Drie dagen per week geen vleesch. Drie dagen per week geen taartjes, koekjes, pasteitjes, roomijs en vla; alle banketwinkels dicht. Drie dagen per week geen alcohol, geen borreltje, geen bittertje, geen aperitief groen of geel, geen pierenverschrikkertje; maar de herbergen blijven open; men mag er een ‘chopine’, een ‘fillette’ drinken, roode of witte wijn. Geen luxe-chocolade meer, geen fondant, geen melk-chocolade, geen bonbons, geen suikergoed waarbij cacao te pas komt. Waarschijnlijk zullen we zelfs geen Paasch-eieren hebben. De fabrieken die daarin werken worden eenvoudig stopgezet, de verkoop verboden, alle dagen van de week. Geen luxe-brood meer, uitgezonderd beschuit en halvemaantjes. Een complete reglementeering voor de restaurants. Niet meer dan twee schotels, waarvan één met vleesch. Maar de soep en het hors-d'oeuvre (dat beperkt is tot vier soorten) tellen niet voor een schotel; ook de kaas telt niet, noch het tusschengerecht, noch het dessert dat kan bestaan uit vruchten, confitures, compote, marmelade en biscuiterie. Als de prijs per maaltijd hooger is dan 15 francs (circa 70 cent) heeft men recht op 150 gram brood; beneden de 15 francs op 300 gram. In de restaurants zal men dus voorloopig nog niet verhongeren. Het lastigste is de paperasserij. We krijgen voedselkaarten. Sinds vijf maanden reeds zijn ze gedrukt en liggen ze klaar. De benzine ontsnapt niet aan deze bureaucratie. Niemand heeft recht op een rantsoen voor meer dan één wagen, handelaars en industrieelen hoogstens voor twee; militairen met verlof tien liter per dag; de andere rantsoenen zullen berekend worden naar de benoodigdheden van den gebruiker.

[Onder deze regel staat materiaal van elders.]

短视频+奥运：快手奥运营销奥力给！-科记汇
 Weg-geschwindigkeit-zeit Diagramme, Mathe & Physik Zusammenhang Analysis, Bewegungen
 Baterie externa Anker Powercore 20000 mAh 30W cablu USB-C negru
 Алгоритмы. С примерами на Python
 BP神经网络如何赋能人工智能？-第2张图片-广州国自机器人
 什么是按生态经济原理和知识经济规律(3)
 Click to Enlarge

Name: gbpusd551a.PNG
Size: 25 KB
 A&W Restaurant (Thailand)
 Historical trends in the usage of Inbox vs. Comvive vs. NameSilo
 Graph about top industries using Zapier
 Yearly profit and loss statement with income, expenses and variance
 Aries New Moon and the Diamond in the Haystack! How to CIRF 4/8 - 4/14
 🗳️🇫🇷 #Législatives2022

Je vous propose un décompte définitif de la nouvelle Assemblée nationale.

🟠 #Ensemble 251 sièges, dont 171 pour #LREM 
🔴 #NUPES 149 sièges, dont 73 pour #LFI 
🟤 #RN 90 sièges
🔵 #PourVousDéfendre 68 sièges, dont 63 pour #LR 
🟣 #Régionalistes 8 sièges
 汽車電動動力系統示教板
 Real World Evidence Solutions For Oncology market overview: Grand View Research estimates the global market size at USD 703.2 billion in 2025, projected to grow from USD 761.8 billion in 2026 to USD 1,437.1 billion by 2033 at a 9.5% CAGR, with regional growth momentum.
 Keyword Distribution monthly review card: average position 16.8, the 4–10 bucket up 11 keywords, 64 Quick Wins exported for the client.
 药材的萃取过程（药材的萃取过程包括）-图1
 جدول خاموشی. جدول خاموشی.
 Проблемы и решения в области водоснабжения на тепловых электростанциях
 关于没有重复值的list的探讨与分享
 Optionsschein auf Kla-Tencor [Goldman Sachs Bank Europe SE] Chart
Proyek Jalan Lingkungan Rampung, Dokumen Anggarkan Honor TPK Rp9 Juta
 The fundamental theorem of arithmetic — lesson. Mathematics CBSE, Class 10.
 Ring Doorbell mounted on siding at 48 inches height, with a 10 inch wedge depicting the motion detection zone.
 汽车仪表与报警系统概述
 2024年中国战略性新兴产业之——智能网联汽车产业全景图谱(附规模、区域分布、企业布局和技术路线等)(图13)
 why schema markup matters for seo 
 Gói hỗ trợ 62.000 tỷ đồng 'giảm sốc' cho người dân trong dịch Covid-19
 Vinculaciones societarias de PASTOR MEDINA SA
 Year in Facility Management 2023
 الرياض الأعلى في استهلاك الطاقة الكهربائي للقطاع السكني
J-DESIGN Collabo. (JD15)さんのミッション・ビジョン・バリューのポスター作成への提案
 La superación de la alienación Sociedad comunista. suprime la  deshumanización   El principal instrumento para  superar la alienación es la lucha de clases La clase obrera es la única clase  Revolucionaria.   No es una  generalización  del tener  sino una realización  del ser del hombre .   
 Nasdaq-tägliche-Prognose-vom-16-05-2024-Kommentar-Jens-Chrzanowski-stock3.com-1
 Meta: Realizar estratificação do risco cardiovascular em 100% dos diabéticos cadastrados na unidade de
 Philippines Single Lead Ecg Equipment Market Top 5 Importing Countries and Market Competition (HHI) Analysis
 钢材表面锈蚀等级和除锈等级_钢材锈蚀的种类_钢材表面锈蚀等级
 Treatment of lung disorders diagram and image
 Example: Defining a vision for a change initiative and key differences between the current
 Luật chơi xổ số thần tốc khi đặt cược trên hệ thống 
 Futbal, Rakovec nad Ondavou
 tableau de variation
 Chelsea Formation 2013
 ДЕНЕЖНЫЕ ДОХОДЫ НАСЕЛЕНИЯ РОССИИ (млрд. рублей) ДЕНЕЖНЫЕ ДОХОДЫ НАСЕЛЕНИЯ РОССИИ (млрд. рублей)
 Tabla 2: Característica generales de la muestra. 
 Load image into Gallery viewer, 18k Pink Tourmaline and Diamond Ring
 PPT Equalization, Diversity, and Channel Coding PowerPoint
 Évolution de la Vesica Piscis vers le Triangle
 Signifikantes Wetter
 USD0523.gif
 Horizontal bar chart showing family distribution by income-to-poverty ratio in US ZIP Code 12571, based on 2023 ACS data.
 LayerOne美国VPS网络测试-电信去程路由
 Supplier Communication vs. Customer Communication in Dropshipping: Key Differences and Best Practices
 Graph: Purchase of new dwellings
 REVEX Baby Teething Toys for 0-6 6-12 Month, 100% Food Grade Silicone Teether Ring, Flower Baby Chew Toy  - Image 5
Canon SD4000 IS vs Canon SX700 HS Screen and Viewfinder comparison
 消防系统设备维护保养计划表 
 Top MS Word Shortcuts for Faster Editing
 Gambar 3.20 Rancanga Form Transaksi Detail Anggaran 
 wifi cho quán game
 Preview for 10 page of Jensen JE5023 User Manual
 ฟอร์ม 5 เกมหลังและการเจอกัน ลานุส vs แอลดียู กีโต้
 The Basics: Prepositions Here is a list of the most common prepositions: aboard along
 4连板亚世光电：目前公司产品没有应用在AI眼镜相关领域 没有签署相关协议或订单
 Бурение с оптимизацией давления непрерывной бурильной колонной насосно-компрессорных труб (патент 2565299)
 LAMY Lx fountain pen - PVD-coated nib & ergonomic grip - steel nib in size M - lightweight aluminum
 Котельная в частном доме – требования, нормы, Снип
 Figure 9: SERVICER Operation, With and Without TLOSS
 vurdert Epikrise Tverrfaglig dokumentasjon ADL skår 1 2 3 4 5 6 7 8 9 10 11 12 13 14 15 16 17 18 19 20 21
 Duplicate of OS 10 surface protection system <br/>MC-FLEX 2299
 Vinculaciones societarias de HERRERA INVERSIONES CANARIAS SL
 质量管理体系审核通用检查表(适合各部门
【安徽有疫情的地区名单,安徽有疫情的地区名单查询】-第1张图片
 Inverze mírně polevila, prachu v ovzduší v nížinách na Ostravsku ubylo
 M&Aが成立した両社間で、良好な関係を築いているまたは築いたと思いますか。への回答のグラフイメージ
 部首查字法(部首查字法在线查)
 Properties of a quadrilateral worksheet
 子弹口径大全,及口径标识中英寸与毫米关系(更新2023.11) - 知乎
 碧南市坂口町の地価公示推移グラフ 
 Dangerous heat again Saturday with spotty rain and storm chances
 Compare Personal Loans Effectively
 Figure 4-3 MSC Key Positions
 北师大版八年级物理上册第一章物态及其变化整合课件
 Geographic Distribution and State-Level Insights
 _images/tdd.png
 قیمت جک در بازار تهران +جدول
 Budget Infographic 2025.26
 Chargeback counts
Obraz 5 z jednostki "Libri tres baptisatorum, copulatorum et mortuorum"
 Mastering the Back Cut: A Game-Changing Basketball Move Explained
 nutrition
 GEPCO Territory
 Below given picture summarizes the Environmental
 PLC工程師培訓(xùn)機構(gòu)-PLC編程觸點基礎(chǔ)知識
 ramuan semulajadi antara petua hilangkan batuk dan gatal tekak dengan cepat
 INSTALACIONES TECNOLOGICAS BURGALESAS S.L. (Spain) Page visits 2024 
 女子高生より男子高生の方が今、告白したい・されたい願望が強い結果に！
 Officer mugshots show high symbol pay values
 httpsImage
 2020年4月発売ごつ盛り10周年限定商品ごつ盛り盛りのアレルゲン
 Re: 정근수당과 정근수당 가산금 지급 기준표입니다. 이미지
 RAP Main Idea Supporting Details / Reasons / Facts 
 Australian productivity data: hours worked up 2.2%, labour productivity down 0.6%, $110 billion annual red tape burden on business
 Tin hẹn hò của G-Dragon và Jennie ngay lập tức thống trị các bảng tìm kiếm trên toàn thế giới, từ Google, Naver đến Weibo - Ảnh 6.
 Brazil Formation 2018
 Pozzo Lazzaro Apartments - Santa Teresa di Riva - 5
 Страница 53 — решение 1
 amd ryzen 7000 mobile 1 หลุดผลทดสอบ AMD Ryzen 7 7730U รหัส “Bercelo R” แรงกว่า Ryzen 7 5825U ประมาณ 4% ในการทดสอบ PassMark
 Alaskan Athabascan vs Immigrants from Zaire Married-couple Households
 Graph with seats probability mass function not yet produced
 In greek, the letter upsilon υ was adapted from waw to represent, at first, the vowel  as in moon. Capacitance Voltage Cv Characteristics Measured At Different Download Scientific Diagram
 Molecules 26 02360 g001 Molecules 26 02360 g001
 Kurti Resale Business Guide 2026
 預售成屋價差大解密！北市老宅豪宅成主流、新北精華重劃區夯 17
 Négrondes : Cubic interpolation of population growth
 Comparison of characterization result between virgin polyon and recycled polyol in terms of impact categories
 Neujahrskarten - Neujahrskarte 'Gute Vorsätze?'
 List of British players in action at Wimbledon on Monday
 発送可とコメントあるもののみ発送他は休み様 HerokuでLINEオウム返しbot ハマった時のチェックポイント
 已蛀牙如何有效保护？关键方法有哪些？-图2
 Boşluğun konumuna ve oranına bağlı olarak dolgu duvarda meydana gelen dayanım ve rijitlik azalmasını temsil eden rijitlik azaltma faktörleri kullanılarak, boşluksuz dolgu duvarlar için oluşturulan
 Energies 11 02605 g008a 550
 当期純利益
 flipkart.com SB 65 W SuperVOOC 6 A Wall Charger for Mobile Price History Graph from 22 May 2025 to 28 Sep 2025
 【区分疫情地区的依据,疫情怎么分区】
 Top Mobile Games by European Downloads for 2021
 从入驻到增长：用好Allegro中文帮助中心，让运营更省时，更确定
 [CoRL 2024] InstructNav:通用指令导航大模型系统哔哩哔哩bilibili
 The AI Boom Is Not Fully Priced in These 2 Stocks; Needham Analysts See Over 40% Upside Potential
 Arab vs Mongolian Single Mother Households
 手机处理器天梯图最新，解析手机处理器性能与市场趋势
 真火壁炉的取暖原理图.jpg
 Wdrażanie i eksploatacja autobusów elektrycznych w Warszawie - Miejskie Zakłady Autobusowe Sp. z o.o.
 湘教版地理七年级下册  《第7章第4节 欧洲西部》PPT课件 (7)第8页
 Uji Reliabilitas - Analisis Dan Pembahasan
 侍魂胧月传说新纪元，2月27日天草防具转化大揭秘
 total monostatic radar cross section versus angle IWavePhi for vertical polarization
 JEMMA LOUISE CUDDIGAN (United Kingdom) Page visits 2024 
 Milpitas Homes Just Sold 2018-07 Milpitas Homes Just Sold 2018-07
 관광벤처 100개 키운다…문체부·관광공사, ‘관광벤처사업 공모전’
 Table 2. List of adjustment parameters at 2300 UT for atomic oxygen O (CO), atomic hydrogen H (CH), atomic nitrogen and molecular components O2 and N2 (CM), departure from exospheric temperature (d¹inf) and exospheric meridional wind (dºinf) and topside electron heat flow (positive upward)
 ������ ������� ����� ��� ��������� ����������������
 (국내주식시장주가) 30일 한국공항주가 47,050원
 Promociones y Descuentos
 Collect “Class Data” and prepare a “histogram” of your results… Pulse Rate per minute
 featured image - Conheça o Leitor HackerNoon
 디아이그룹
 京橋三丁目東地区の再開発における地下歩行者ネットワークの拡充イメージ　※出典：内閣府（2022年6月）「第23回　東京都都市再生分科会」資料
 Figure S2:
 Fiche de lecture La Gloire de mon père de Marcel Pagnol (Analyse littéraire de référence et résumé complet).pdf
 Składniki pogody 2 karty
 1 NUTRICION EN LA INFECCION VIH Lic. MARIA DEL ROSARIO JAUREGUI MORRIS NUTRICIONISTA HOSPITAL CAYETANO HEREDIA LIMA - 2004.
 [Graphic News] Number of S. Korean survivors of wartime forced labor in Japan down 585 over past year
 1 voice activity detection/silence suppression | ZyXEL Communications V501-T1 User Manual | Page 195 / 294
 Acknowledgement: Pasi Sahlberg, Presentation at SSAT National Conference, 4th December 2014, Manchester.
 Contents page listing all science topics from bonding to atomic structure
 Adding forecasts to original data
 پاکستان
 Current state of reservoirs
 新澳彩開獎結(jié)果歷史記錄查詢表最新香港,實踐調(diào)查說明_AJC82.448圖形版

De Franschen acclimatiseeren zich dus voorgoed en in ernst aan den oorlog. Zij verklaren zich bereid den gordel een beetje strakker aan te halen, tenminste pro forma, en tot we onze porties zullen kennen zelfs voor de grap, wat hen nog uitnoodigt te gekscheren, ‘maak je niet dik, want dun is de mode’. Zij nemen 't op van den lichten kant, want zij zijn nog lang niet toe aan de surrogaten en zelfs op den dag dat hunne chemisten aangewezen zouden zijn op de soja-boon om er ommelettes van te fabriceeren, spek, worst, kunst-rubber, zeep, koffie, melk, kaarsen, papier, foto-films, geglaceerde kastanjes, bouw-materialen, ganzelever en automobielcarrosserieën, op dien dag zal het hun niet aan soja-boonen mankeeren. Als ze ooit brood moeten maken van katoen, of eieren, of boter, zij zullen tenminste katoen hebben in overvloed. De hemel en de oorlogsvloot beware ons overigens zoo lang mogelijk voor dit systeem waaraan de beste kenner van de Spaansche griep, Eugène Folley. de oorzaak van een menigte ziekten, sloopende kwalen en epidemieën toeschreef. Neen, de Franschen kunnen zich nog ruim voldoende voeden met natuurlijke voortbrengselen. Hun rantsoeneering is meer een soort opmaking van inventaris, een voorzorg voor de toekomst, een probaat middel om prijs-stijging te verhinderen, om ieder te geven en te garandeeren wat hem toekomt, veel meer een vrijwillige organisatie der economie op voet van oorlog dan een onvermijdelijke, dwingende of urgente noodzakelijkheid, of de consequentie van een verre of nabije onderbreking, verstoring der proviandeering.